A widely advertised auto show as “the world’s exhibition of automobiles” was the 1920 National Automotive Show between Minneapolis and St. Paul in the Willys-Overland Motor Company building. $6,000,000 in displays, 10 Acres of Exhibits sang the headlines. “Largest, most complete, better, grander” were just some of the hyperbolic encomiums littered about by the press to describe something more than just a show of autos. Farm equipment, Vaudeville acts, live orchestras, style shows and, to attract the ladies while their husbands ogled the new Oldsmobiles or Packards, washing machines, food shows, vacuum cleaners, etc. You get the picture.

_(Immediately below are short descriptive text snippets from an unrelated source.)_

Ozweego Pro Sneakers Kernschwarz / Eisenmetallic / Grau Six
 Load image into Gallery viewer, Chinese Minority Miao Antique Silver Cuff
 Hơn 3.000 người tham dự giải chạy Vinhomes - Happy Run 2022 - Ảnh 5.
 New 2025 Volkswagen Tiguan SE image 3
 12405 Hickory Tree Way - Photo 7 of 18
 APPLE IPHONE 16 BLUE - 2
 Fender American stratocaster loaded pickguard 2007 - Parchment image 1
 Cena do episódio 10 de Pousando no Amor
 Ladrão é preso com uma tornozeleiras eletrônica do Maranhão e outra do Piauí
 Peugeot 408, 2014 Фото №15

The Twin Cities did not act in a cooperative way until 1918 at the Willys building. Previously, each city had held its own event. The joint enterprise became very successful, advertising “double the exhibits.”

We do not know if the Yellowstone Trail Association produced an exhibit in other auto shows held along the 3,600 miles of Trail, but we suspect they did. Not many publicity opportunities were missed by General Manager Hal Cooley. The Association did make it to a Twin Cities show because Cooley profusely thanked them for display space in the following paragraph in the 1922 Western Magazine:
Due to the courtesy of the management, space was provided in the Twin City Automobile Show held February 4-11 for an exhibit and information booth of the Yellowstone Trail Association. On display was a section of the Trail across the continental divide near Butte, the majestic Rocky Mountains being worked out in bold relief, and showing the New Davis Grade crossing the main range with only a 4% climb. Photographs by J. E. Haynes Co. of Yellowstone National Park were shown through their kindness. The rest of the exhibit was made up of a display of Trail literature, markers, and publicity features. The Association desires to express its gratitude to the Automobile Show for the kindness shown.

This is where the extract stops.